The eviction exercise was peacefully carried out under the watchful eyes of police and security personnel. This follows the intervention of Deputy Superintendent of Police Anthony Castelle who held meeting with the residents the previous day and got them to comply with the eviction order.

However, with the clearing of the residents from the property a serious social problem has been created with several women and their children now left homeless and having to be sleeping without a shelter.

AN ACT OF WICKEDNESS
Leader of the Mammee Bay Squatters Settlement, Roy Daniel, described the eviction of the residents and the bulldozing of their farms and other belongings as a act of wickedness.

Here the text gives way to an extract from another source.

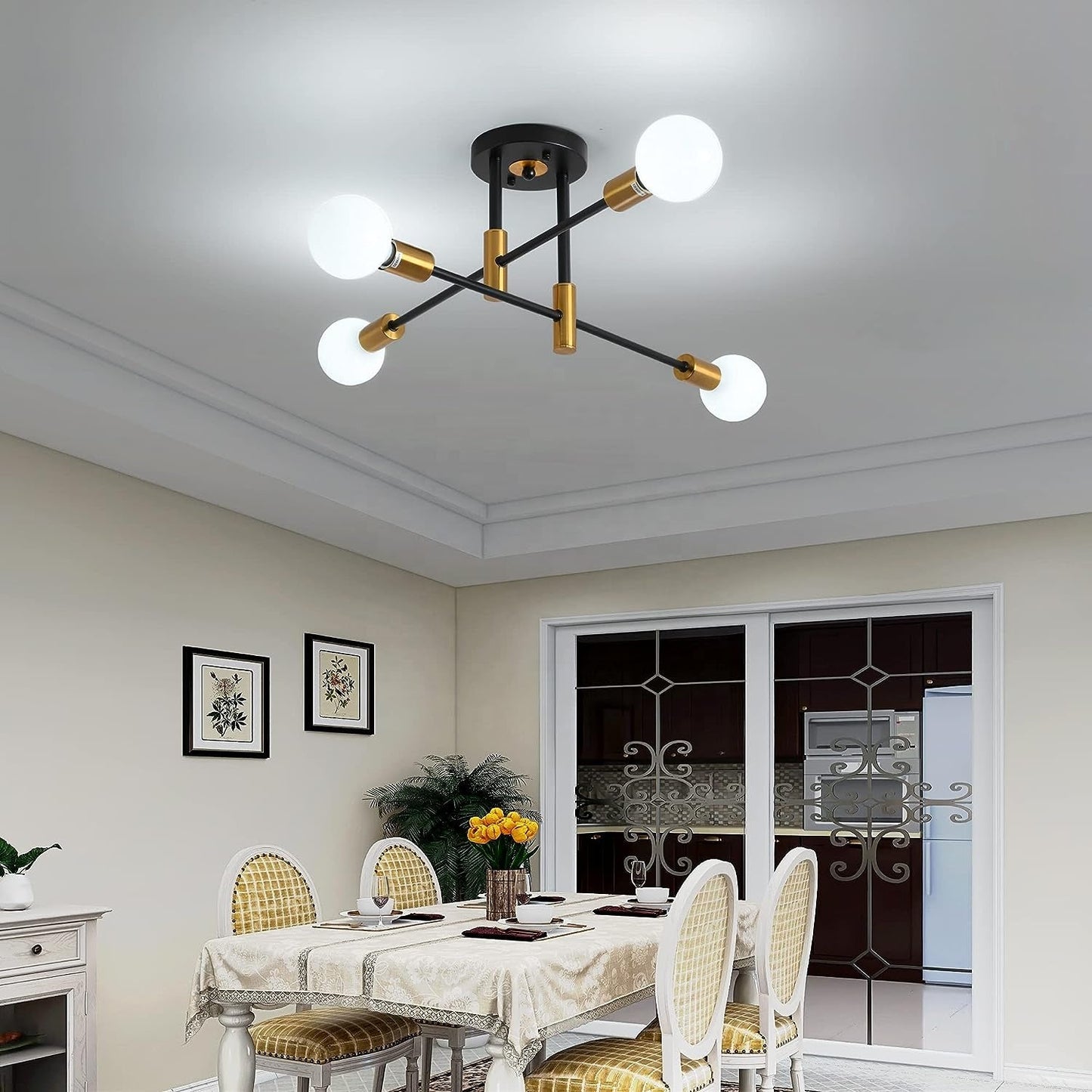Lustra Modernist Gentile, 4x E27, Negru și Auriu, Design Modern Lustre Moderne Default Title Alessandro Design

On Friday morning, it was actually the residents who began to pull down the building on the arrival of the eviction team and a part from one woman who reported that the bulldozer ran over the board from her dismantle house, they were all allowed to remove most of their belongings and whatever pieces of board and other items they could salvage before the bulldozer moved in.

Friday's eviction of the over 40 families followed a supreme court ruling on Tuesday which gave Mammee Bay Resort Limited the right to reclaim the remaining five-acre portion of the disputed property that was being occupied.

After serving notices on the occupants, the owner tried to reclaim the property by force on May 11, but this was stalled by a court action. One of the squatters, Owen Crosbie, filed an injunction in the Supreme Court against the action.

POSSESSION
Crosbie had also sought adverse possession of the five acres of the property on which he and the other families are living, claiming that it had been occupied by his grandfather since 1960. But this case was thrown out in the Supreme Court on Tuesday paving the way for Friday's eviction.

From Thursday when word of the plan eviction exercise began to circulate throughout the community, some of the residents began pulling down wooden structures that were either their houses or shops, while others refuse to budge holding out some hope of remaining on the property.

Unfortunately on Thursday overnight rain caused much discomfort for those who had been sleeping in the open and children who got soaked had to be rescued in the homes of neighbours. Among those who got soaked in Thursday night rain was Owen Crosbie's common-law wife and a six-month-child.